The CCBL is the best college summer league out there, drawing the very best talent from all around the country. It’s still a pitcher’s league but not as extreme as it was a few years ago. The Yankees don’t figure to change their target demographic in this summer’s draft despite the new spending restrictions implemented by the Collective Bargaining Agreement, so here’s a look at five guys who performed well on the cape last summer and could find themselves on the team’s draft board.
Dylan Floro, RHP, Cal State Fullerton (video)
After two years as a swingman type, Floro assumed a spot in Fullerton’s rotation this spring after a dominant showing with Hyannis last summer. The 6-foot-2, 180 lbs. right-hander is a classic sinker-slider type, sitting 89-91 with the heat and in the upper-70s with the breaking ball. He also throws a low-80s changeup and adds deception with a whippy arm action. Floro is an extreme strike-thrower — four walks in 52 IP this spring and 28 walks in 198 IP during his college career (1.27 BB/9) — and probably to a fault. He’s hit prone because he’s around the zone with less than stellar stuff, though at least most of the balls in play are on the ground. For what it’s worth, Floro also draws raves for his competitiveness and makeup, which the Yankees love. He’s more of 5th-10th round guy at the moment.

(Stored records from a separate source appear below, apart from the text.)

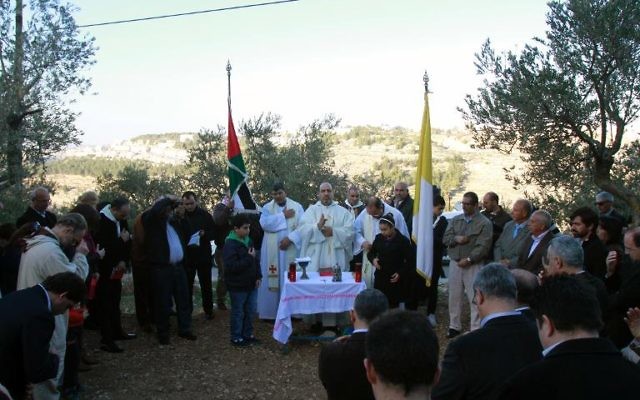 Le curé de Beit Jala, le père Ibrahim al-Shomali, qui célèbre la messe dans la vallée.
(Crédit : AFP Musa al-Shaer) Le curé de Beit Jala, le père Ibrahim al-Shomali, qui célèbre la messe dans la vallée.
(Crédit : AFP Musa al-Shaer)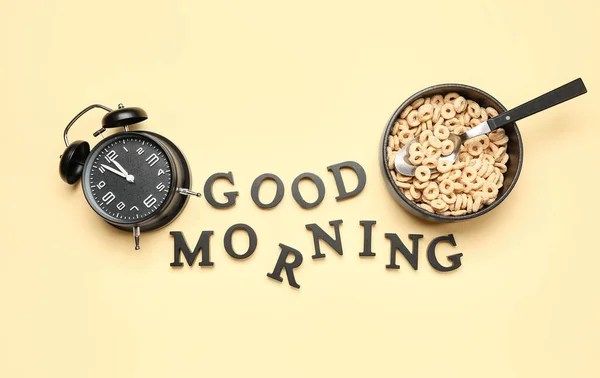 Composición Con Texto Buenos Días Despertador Plato Anillos Cereales Sobre — Foto de Stock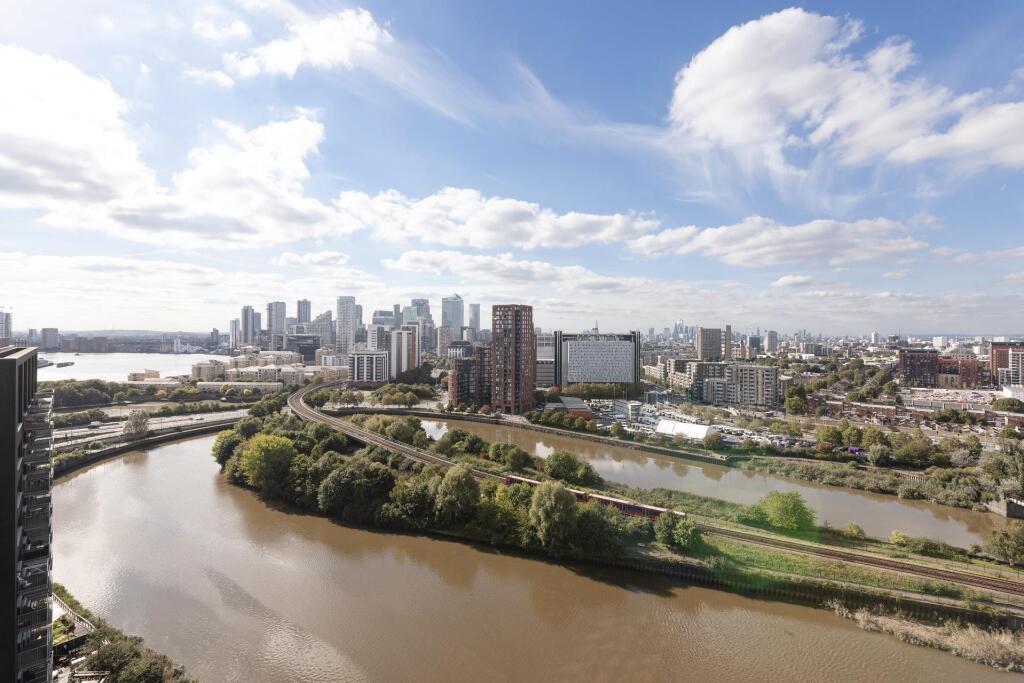 Main image of property: Modena House, Lyell Street, London, E14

Kyle Hansen, RHP, St. John’s (video)
A starter for the Red Storm who closed for Yarmouth-Dennis last summer, Kyle is the younger brother of former future Red Sox closer Craig Hansen. He’s built off his CCBL success and has struck out 43 while walking just 11 in 34.2 IP this spring. Brian Cashman recently said he’s a “crack addict for size and power,” so he’ll surely like the 6-foot-8, 215 lb. Hansen. He sits 91-93 as a starter while running the heat up to 96 as a reliever, and he can miss bats with a low-80s slider that isn’t nearly as good as his brother’s. It occasionally morphs into more of a curveball, so he’s got some work to do. The changeup isn’t anything special and the delivery qualifies as funky. Hansen is likely a reliever long-term, and he’s currently expected to come off the board in the third or fourth round.
Dane Phillips, UTIL, Oklahoma City University (video)

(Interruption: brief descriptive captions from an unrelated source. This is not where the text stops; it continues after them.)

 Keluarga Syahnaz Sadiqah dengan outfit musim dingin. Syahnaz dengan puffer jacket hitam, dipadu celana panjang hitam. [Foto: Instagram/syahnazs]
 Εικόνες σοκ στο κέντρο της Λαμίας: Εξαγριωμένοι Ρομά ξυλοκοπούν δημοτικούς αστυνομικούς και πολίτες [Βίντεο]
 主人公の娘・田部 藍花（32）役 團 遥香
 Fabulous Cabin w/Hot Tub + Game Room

A Chatham alum, Phillips had to transfer to OCU because the NCAA ruled him ineligible for the 2012 season after he tried to transfer from Oklahoma State to Arkansas. Baseball is like football now, meaning if you transfer from one Division I school to another you have to sit out a year for whatever reason. Phillips is completely annihilating the competition (.423/.507/.854 in 34 games) and has settled in well behind the plate. He’s a left-handed hitter with a nice swing and strong plate discipline, plus he hangs in well against same-side pitchers. Phillips shows big power to the pull side during batting practice, but he uses the entire field during games and doesn’t really tap into his pop as much as he should. If catching doesn’t work out long-term, he has the experience and athleticism to handle a corner outfield spot or first base. Phillips is a personal fave, and right now he’s expected to come off the board in that 5th-10th round range.

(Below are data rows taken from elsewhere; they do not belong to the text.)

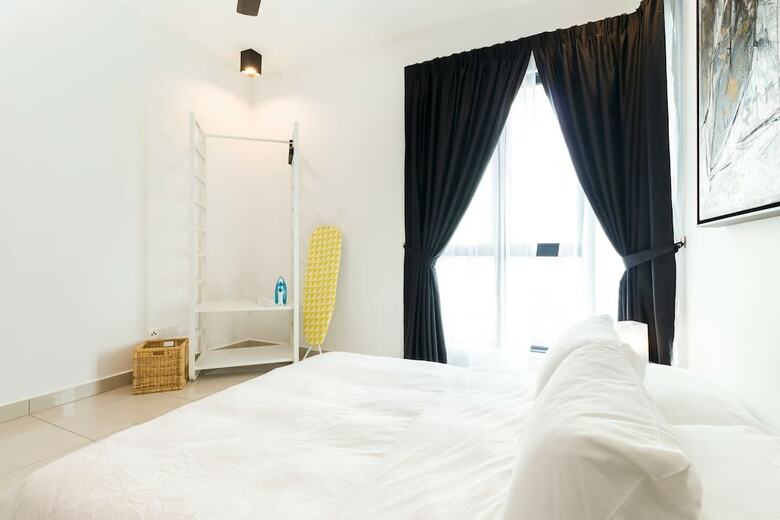 Elegant 3br Condo For 5 With Outdoor Pool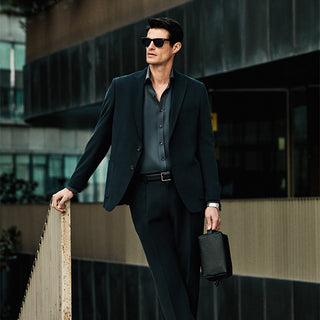  Kiğılı takım elbise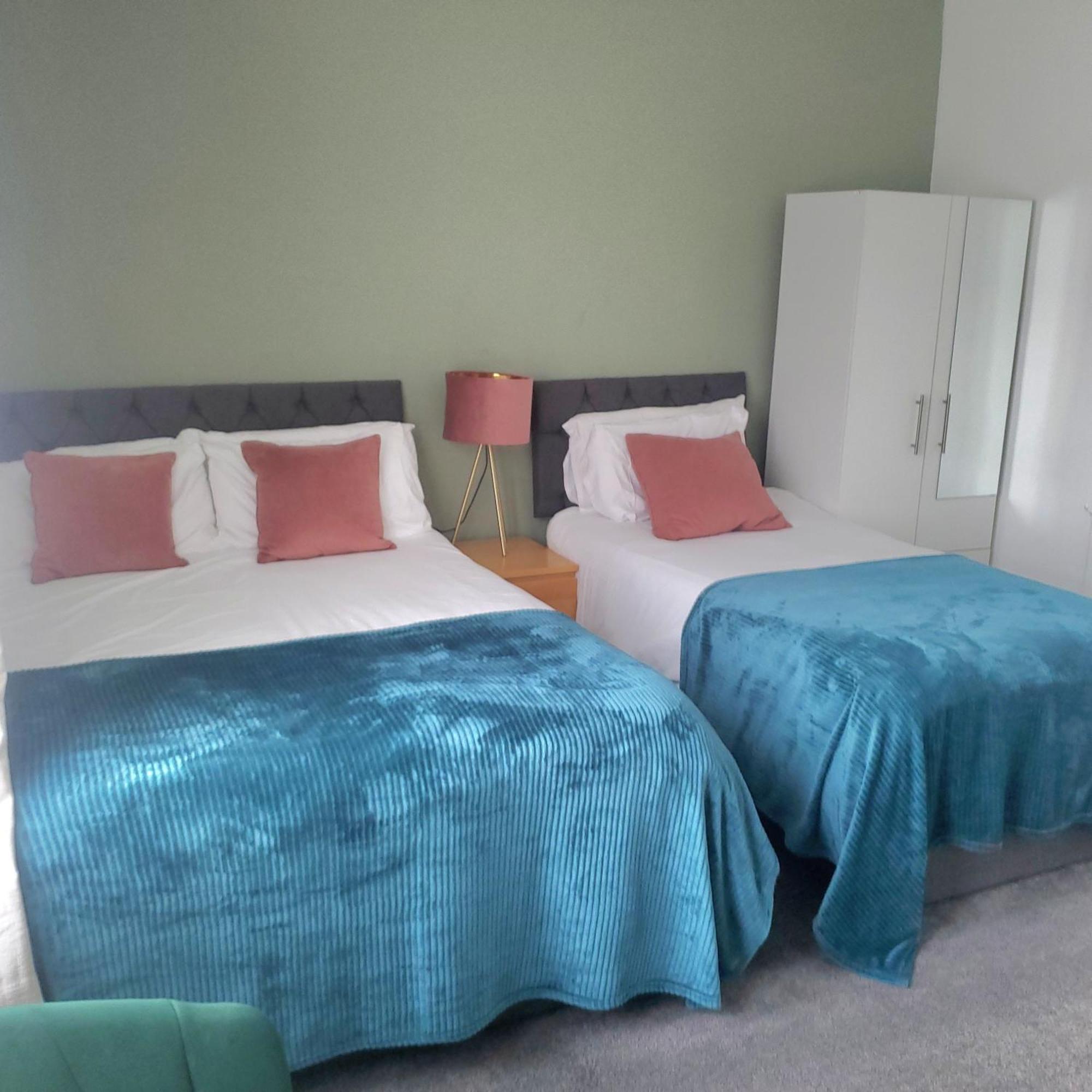 Вилла Leeds 4-Bed House - Sleeps 9 Free Parking & Wifi Экстерьер фото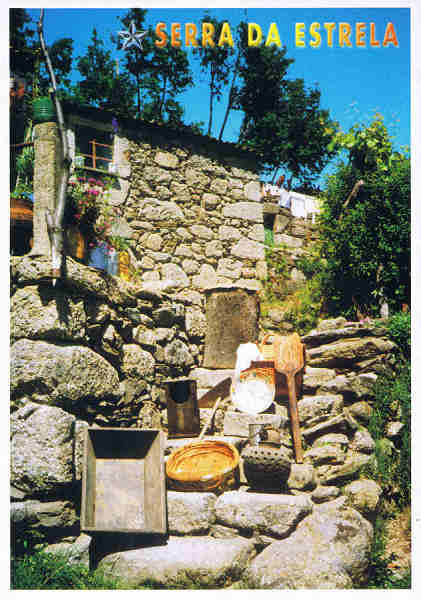 057- SEV-0022 - SERRA DA ESTRELA (PARQUE NATURAL) Beira Alta PORTUGAL Casa rural e utens�lios t�picos - Ed. GRAFIPOST - Editores e Artes Gr�ficas,Lda - TEL. 214342080 FILIAL-LOUL� - 2006 - Dim. 10,5x15 cm - Col. F�tima B�ia (2010)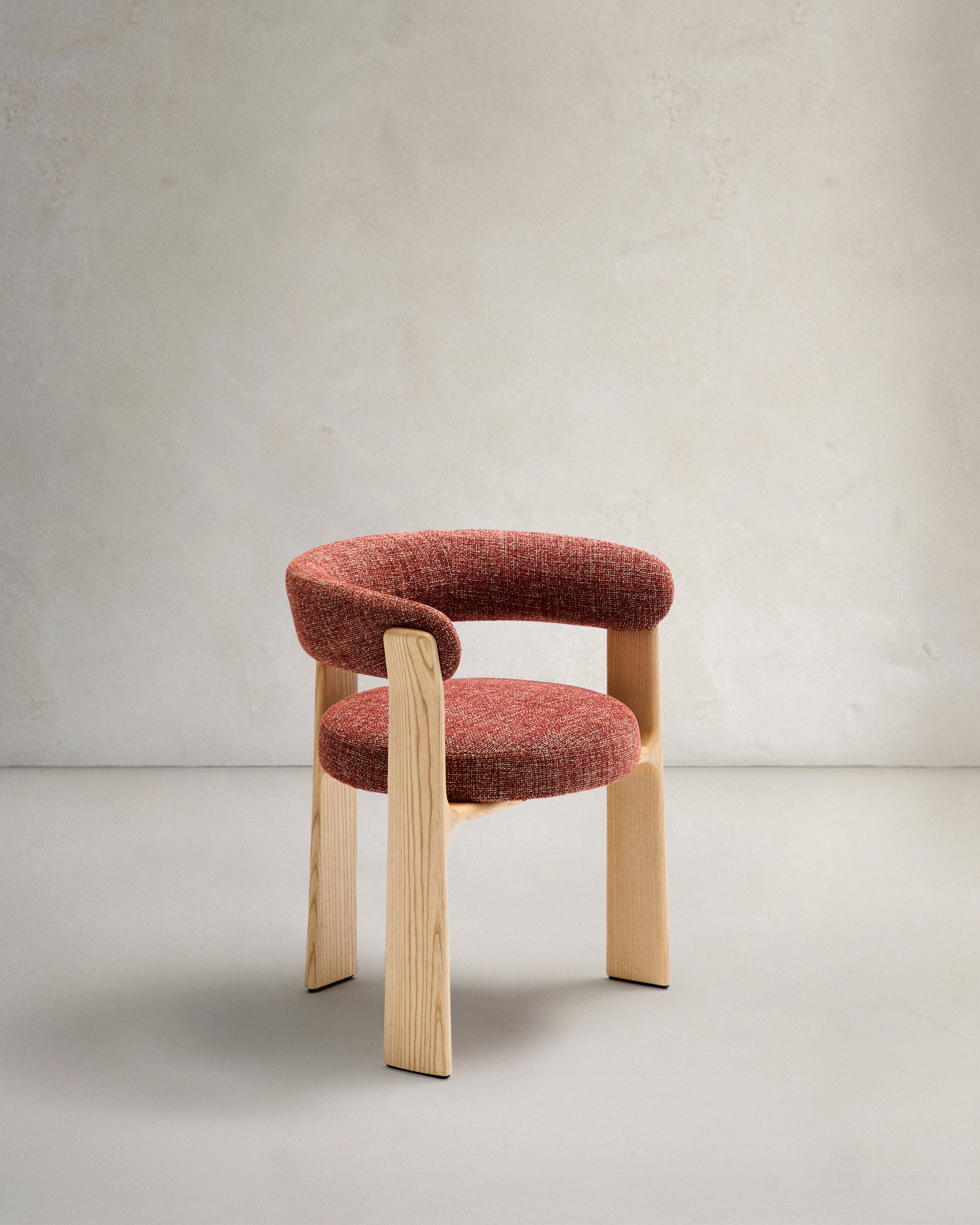 Granite three-legged chair with terracotta chenille and solid ash wood with a natural finish, FSC 100%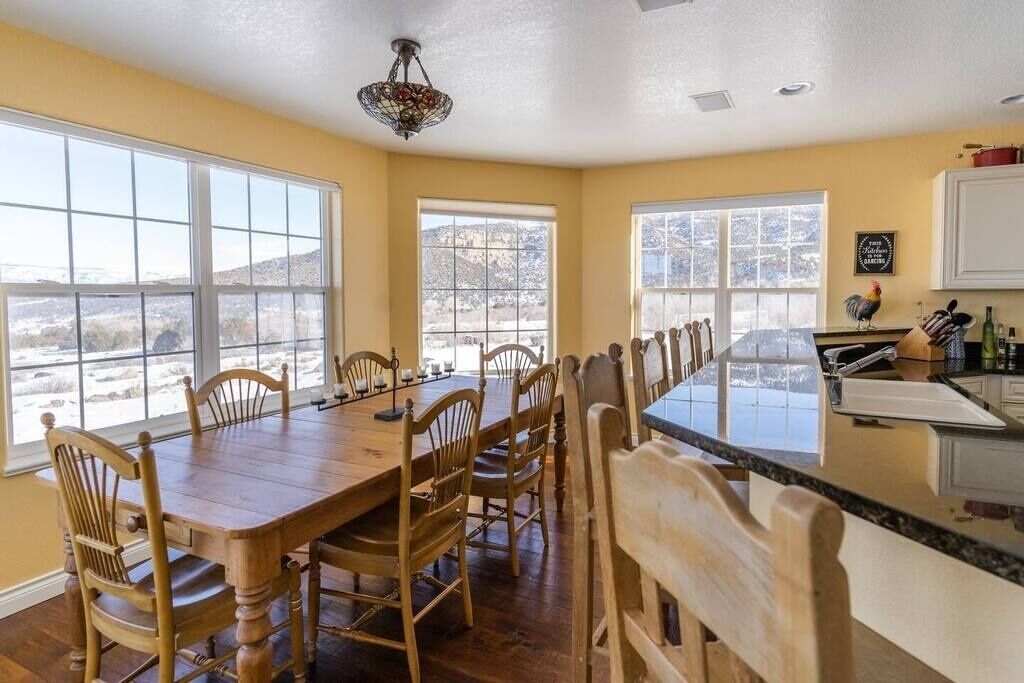 House, 3 Bedrooms | Dining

James Ramsey, OF, Florida State
The top college senior in the draft class, Ramsey had a big summer with Yarmouth-Dennis and won the MVP award at the CCBL All-Star Game after homering into the Fenway Park bullpen. He’s a left-handed swinger with some power and an all-fields approach, plus he can also run well. Strong plate discipline helps him get the most of his offensive ability. Ramsey has ‘tweener potential because he might not stick in center field long-term or have enough power for a corner, but he plays very hard and offers a little of everything with no glaring weakness. A huge spring (.426/.556/862) has Ramsey climbing up draft boards after the Twins took him in the 22nd round last year. He’s a top three rounds guy after dominant performance with wood bats on the cape last summer.
Adam Brett Walker, 1B/OF, Jacksonville (video)
Walker is the son of former Minnesota Vikings running back Adam Walker, and his athletic bloodlines are obvious in his 6-foot-5, 220 lb. frame. The right-handed batter has some of the biggest raw power in the country, launching absolute moonshots with wood bats last summer. Walker is a Grade-A hacker though, susceptible to breaking balls and quality elevated fastballs. There is big time upside here, but also a lot of risk given his propensity to make poor contact and swing and miss. Walker is a 3rd-5th round type based on his physical tools, which still haven’t translated all the way into baseball skills.